Contrary to what the theater owners expected, Star Wars became the hit and The Other Side of Midnight was a big disappointment. But the theater owners wanted to go with the movie based on a bestseller because it was safe. Sometimes this happens in publishing too—sometimes books get buzz because they follow a trend or are similar to a hit book—but don’t let this influence your writing. Audiences and readers respond to stories, not trends. Write the best story you can write. Write a story you connect with, and others will connect with it, too.

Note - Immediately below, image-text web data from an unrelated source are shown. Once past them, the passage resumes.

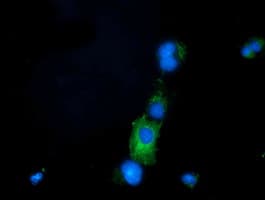 PRPSAP2 Antibody (clone OTI1E3, Carrier-free)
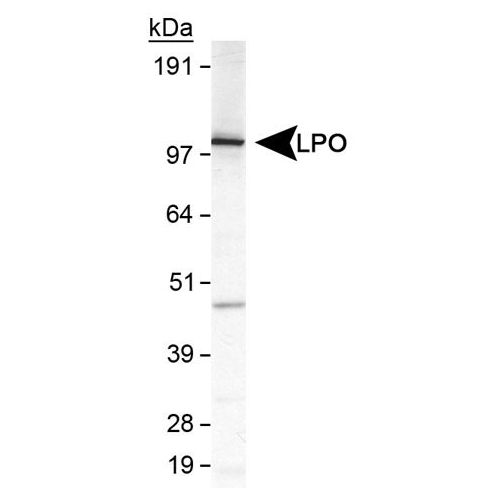 Lactoperoxidase antibody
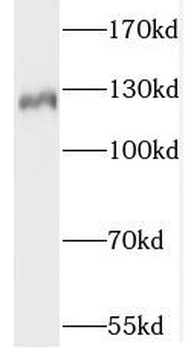 Slc4a8 Rabbit Polyclonal Antibody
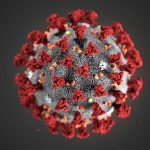 Ricerca, scoperte 40 molecole potenzialmente utili a sconfiggere il Coronavirus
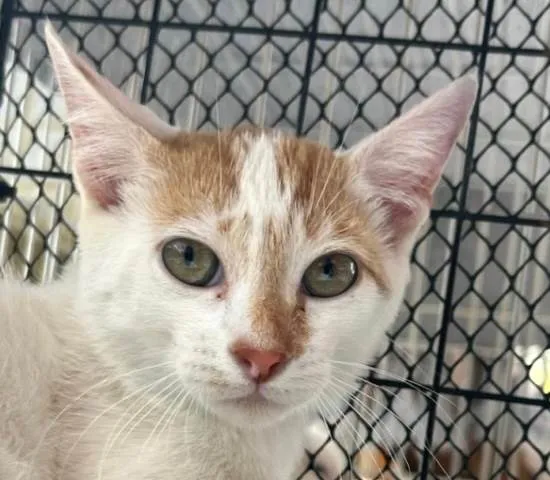 Gato ra a SRD-ViraLata idade 2 a 6 meses nome Levi 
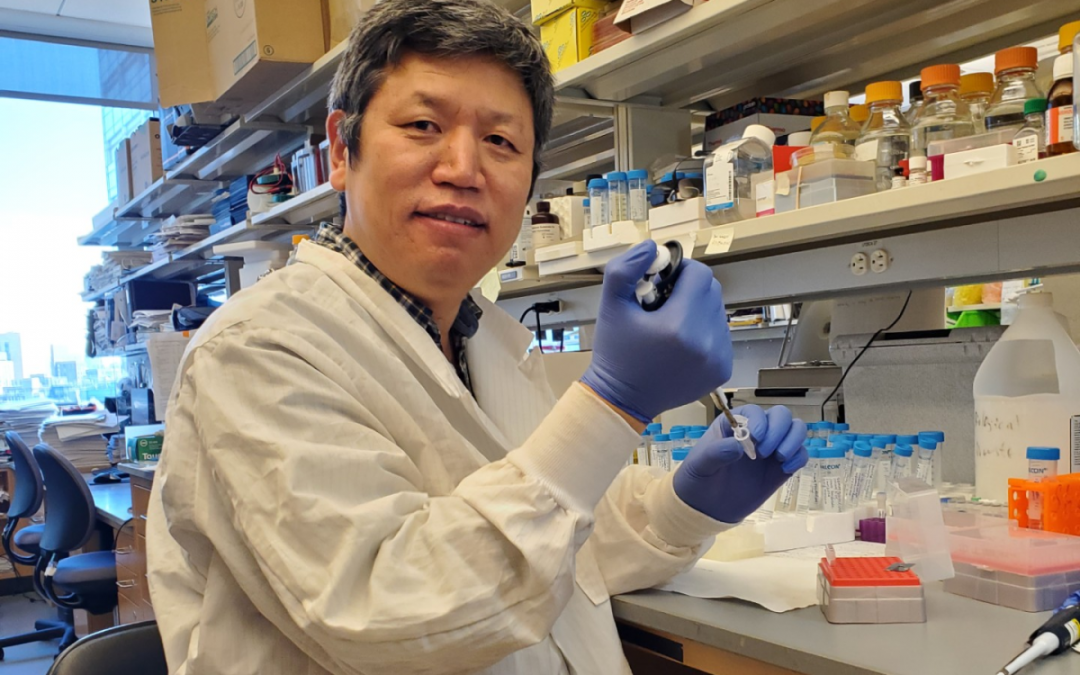 Could ingenious gene therapy prevent health issues associated with Down syndrome?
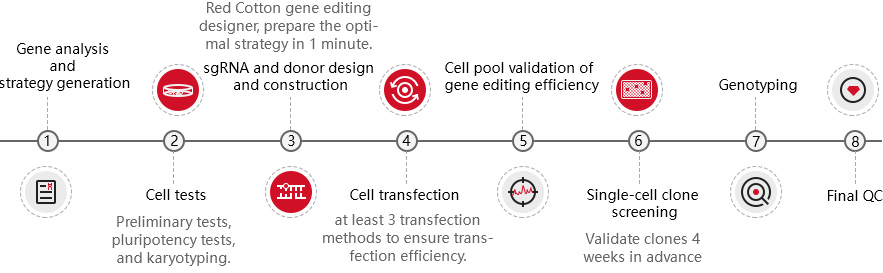 iPSC ESC stem cell gene editing process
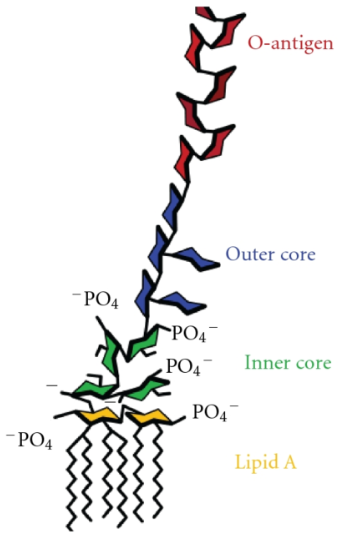 Lipopolysaccharides Immunoassay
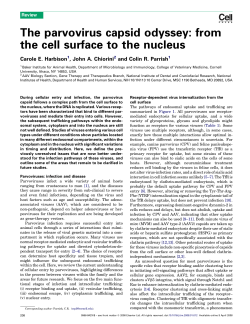 4. The parvovirus capsid odyssey: from the cell surface to the nucleus.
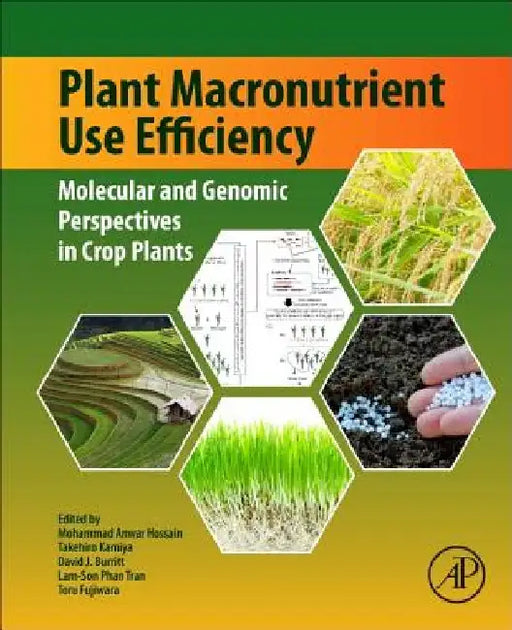 Plant Macronutrient Use Efficiency: Molecular and Genomic Perspectives in Crop Plants by Mohammad Anwar Hossain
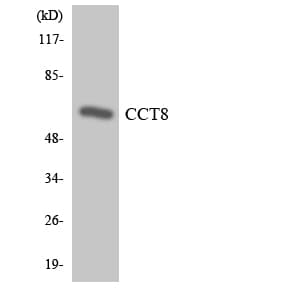 CCT8 Antibody (aa345-394)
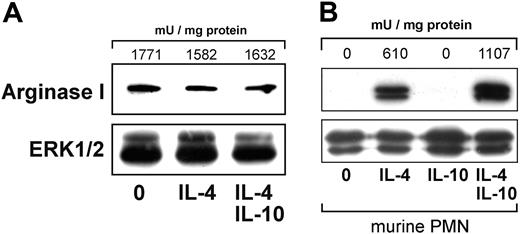 Figure 3. Human and murine PMNs differ in the regulation of arginase I expression. (A) Constitutively expressed arginase I in human PMNs is not further induced by TH2 cytokines. Human PMNs were stimulated with the indicated cytokines for 14 hours. Arginase I protein expression was analyzed by immunoblotting. (B) Induction of arginase I protein in murine PMNs by TH2 stimulation. Bone marrow-derived murine PMNs were stimulated with the indicated cytokines. After 14 hours, the cells were harvested and analyzed by immunoblotting. In panels A and B the results of parallel determinations of arginase activities (in mU/mg protein) in aliquots of the same cell lysates are noted above the respective lanes of the arginase blots. To control for equal protein loading, Western blots for ERK1/2 were done in parallel. Results shown are representative of 4 independent experiments.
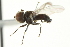  ( - CNC DIPTERA 159288)  @12 [ ] CreativeCommons - Attribution (2012) CNC/CBG Photography Group Centre for Biodiversity Genomics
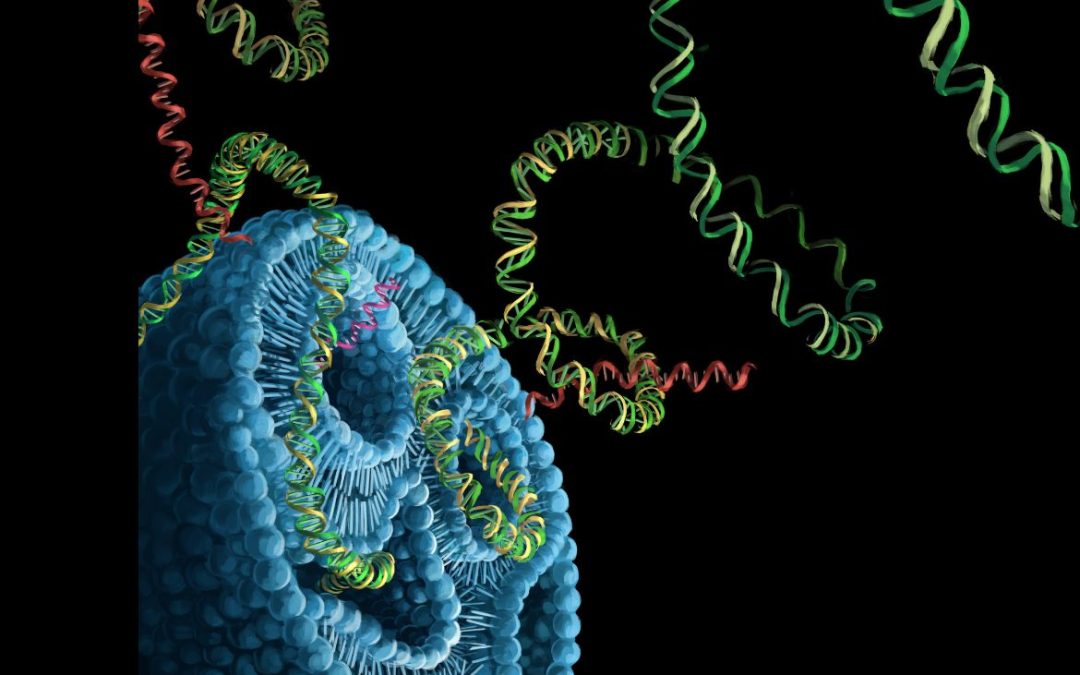 February 17, 2026 | Nanoparticle-based gene editing could expand treatment options for cystic fibrosis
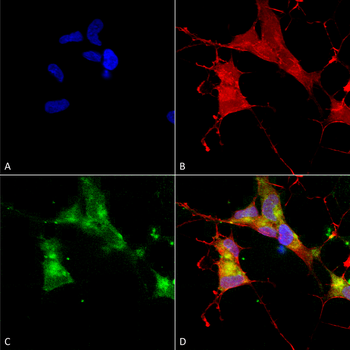 HCN4 Antibody (PerCP)
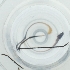  ( - EWTA_003_D6)  @11 [ ] by  Genome Research Ltd as Wellcome Sanger Institute Genome Research Limited operating as Wellcome Sanger Institute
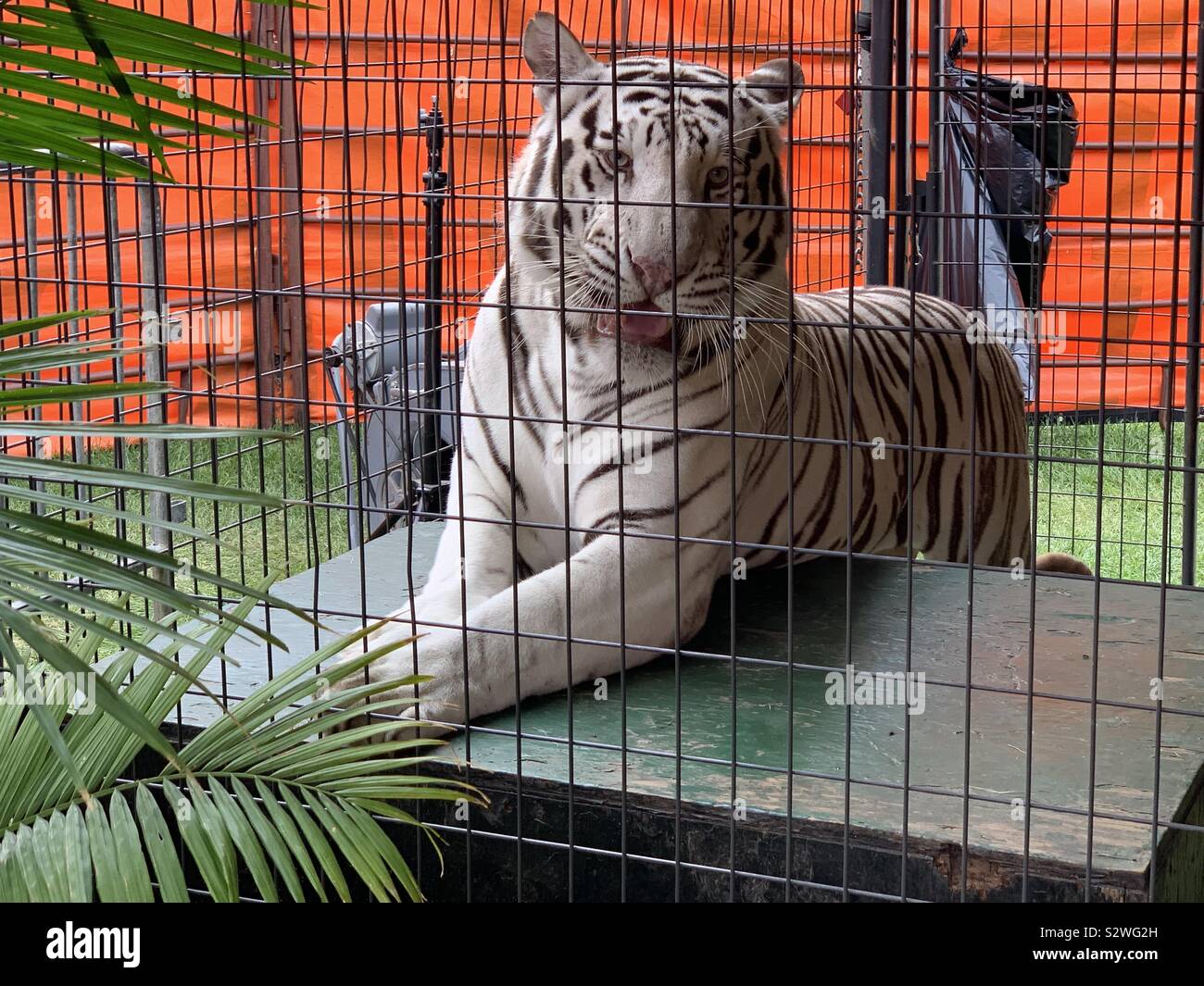 hielo Amplificador lecho Jaula de tigre fotografías e imágenes de alta resolución - Alamy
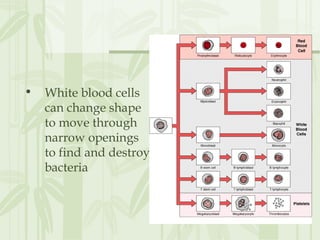 • White blood cells
can change shape
to move through
narrow openings
to find and destroy
bacteria
 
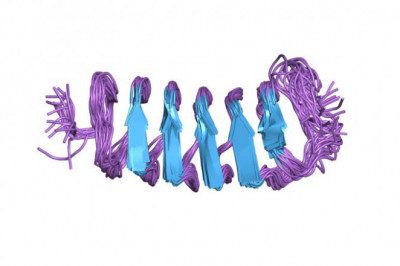 Antifreeze Proteins Market Growth Trends and Value Chain 2022-2030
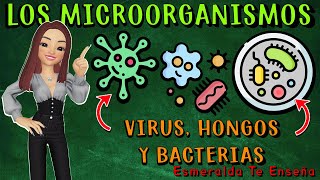 🔬🤧Los Microorganismos Virus Bacterias Hongos y Parásitos🦠🔍 [upl. by Eidorb]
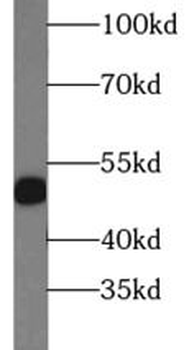 PGF Antibody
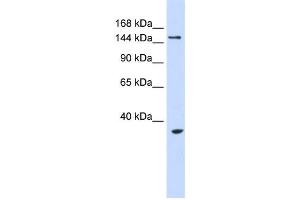 Western Blotting (WB) image for anti-Ubiquitin Protein Ligase E3B (UBE3B) antibody (ABIN2458742) (UBE3B 抗体)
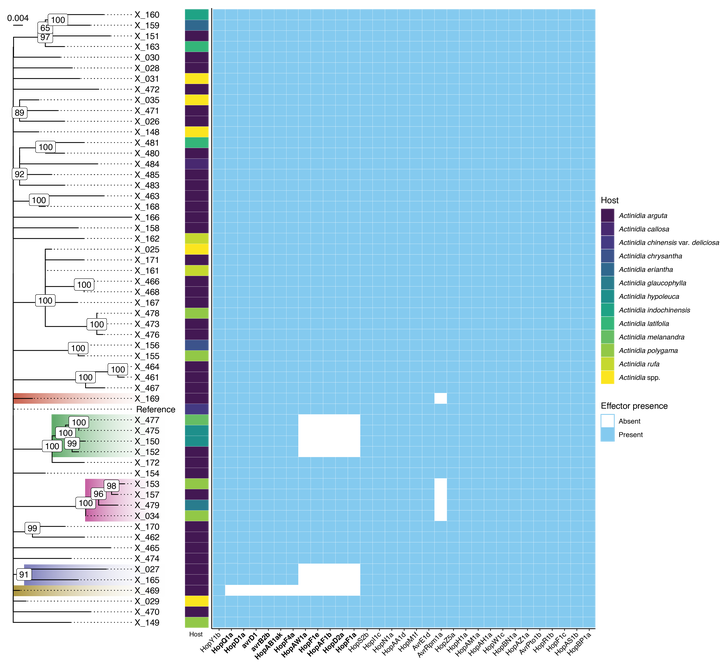 Core SNP phylogeny of Psa isolates from germplasm Actinidia vines. Effector presence and absence by genome position indicates the emergence of multiple lineages of exchangeable effector locus (EEL) and avrRpm1a loss variants.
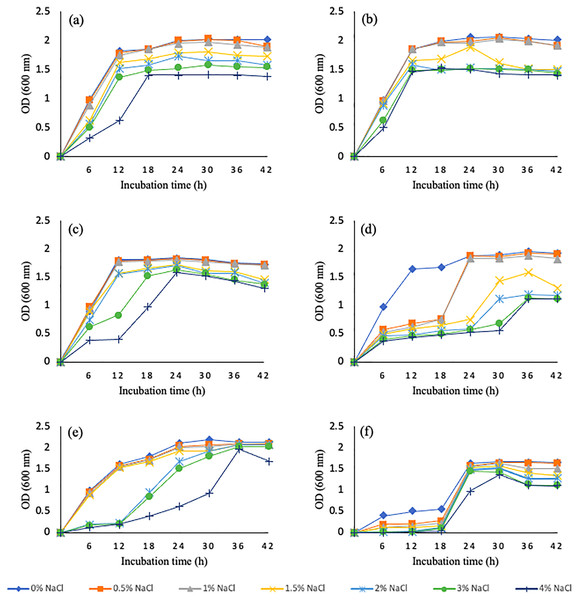 Graphical representation of wheat rhizosphere associated bacteria to tolerate varying salt concentrations.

Han Solo was Supposed to Die
When Han Solo is frozen in carbonite at the end of The Empire Strikes Back, the filmmakers didn’t know if the character would live or die because Harrison Ford had only signed on for two movies. The lesson I find here is that you need to stay flexible with your story. Consider all options for your characters! Let your characters grow, and if they make choices that are more interesting than what was in your outline, follow their lead! Stay open to new developments on the page.
So those are seven writing lessons Stephanie Garber and I have learned from Star Wars. We’re sure there are many more! Feel free to share your thoughts in the comments—on these lessons or any others!